Am Hindukusch gibt es nichts, was für die deutsche Bevölkerung von
Bedeutung wäre: weder Rohstoffe, noch Handelspartner noch Urlaubsgebiete. (Das wäre freilich noch kein Grund, dort Krieg zu führen.)
Am Hindukusch ist die Bundeswehr nur, weil Deutschland meint, militärische Bedeutung erlangen und dafür den Abenteuern der USA
nachlaufen zu müssen.
Die behaupten immer noch, dort einen Krieg gegen den Terror zu führen. Dabei
sind die Ausbildungslager von Al Qaeda, die die Taliban zugelassen hatten, längst zerstört und verlassen; Al Qaeda operiert heute vor allem
von Pakistan aus. Dort wird die Gruppe von den Amerikanern kaum behelligt; deren Krieg in Afghanistan aber verfolgt längst andere Ziele, die nichts
mehr mit Terrorbekämpfung, sondern mit Weltmachtspielen zu tun haben.
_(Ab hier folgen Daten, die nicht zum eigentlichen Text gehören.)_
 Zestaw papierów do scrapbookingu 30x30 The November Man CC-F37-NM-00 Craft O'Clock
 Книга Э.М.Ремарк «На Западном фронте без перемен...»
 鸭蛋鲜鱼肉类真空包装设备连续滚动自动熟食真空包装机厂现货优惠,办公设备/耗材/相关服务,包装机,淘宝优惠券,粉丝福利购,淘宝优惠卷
Was haben die Taliban an sich, dass um ihretwillen in den letzten acht Jahren 1300
Soldaten der Interventionstruppen ihr Leben lassen mussten, ganz zu schweigen von den Opfern der afghanischen Zivilbevölkerung, die in die
Tausende gehen? Sie hängen einer äußerst reaktionären, patriarchalischen und frauenfeindlichen Auslegung ihrer Religion und
Vorstellung von Gesellschaft an — aber das tun die Saudis nicht minder, und die erfreuen sich bester Beziehungen zum „großen
Bruder” Der Fehler, den jedoch die Taliban in den Augen der USA haben, ist, dass sie nicht ihr Vasallenstaat sein wollen. Die USA, die die Taliban
anfangs hochgerüstet haben, haben erst dann angefangen, in ihnen einen Erzfeind zu sehen, als diese sich weigerten, dem Bau der Ölpipeline
zuzustimmen, die von den zentralasiatischen Republiken zum Arabischen Meer führen sollte; die Maßnahme richtete sich gegen Russland.
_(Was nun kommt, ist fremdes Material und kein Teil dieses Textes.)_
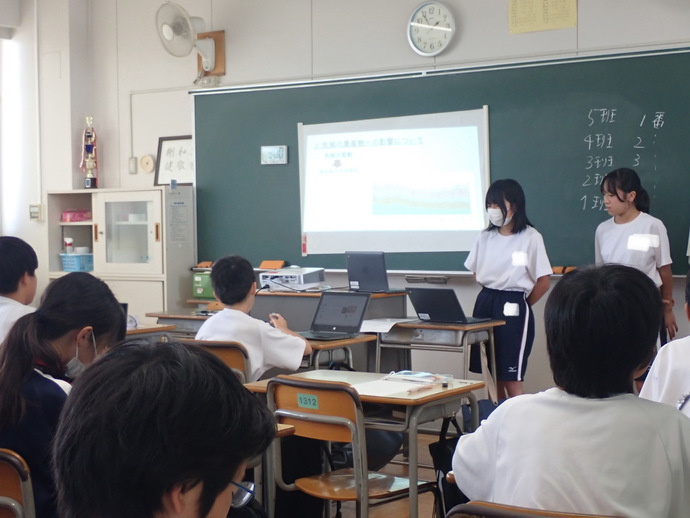 写真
Berater des interessierten Ölkonzerns Unocal war damals Hamid Karsai; für seine Willfährigkeit wurde er dann Staatspräsident,
nachdem die USA einen „Regime change” herbeigeführt hatten.
Die Pipeline wurde trotzdem nicht gebaut. Dennoch sprechen britische Generäle
davon, die NATO müsse noch 30—40 Jahre im Land bleiben, der deutsche Kriegsminister spricht von 5—10 Jahren. Was ist denn jetzt
das Kriegsziel?
Der britische Oberkommandierende sagt: „Aus Afghanistan soll ein stabiler,
demokratischer Staat werden” (SZ, 13.8.09). Wenn das ein Kriegsgrund ist, könnte die NATO der halben Welt den Krieg erklären. Sie
ist auch grandios damit gescheitert, denn die Präsenz der NATO hat die Verhältnisse im Land weder stabilisiert noch demokratischer
gestaltet. Selbst Bevölkerungsschichten, die dem westlichen Einmarsch gegenüber anfangs aufgeschlossen waren, wenden sich heute den
Taliban zu; die Regierung Karsai ist wegen ihrer Korruptheit, ihrer Vetternwirtschaft und der Brutalität der Warlords, auf die sie sich stützt, so
verhasst wie nie zuvor.
Dennoch wird sie vom Westen gestützt. Im Namen der Demokratie duldet er in
Afghanistan, was er sonst aufs Heftigste geißelt: Wahlbetrug. Schon bei den Wahlen 2004 berichteten Beobachter von
Unregelmäßigkeiten — die wurden übergangen. Damals waren noch 7 Millionen Wahlbürger eingeschrieben; diesmal sind
es 17 Millionen; in vielen Wahlbüros wurden weit mehr Frauen als Männer registriert (NZZ, 9.8.09). Am Wahlbetrug kann man fühlen,
trotzdem berichten westliche Medien fast ausschließlich über Versuche der Taliban, die Wahlen zu torpedieren. „Wir alle
müssen uns diese Wahlen schönreden”, zitiert die NZZ einen westlichen Beobachter aus Afghanistan. Müssen wir das?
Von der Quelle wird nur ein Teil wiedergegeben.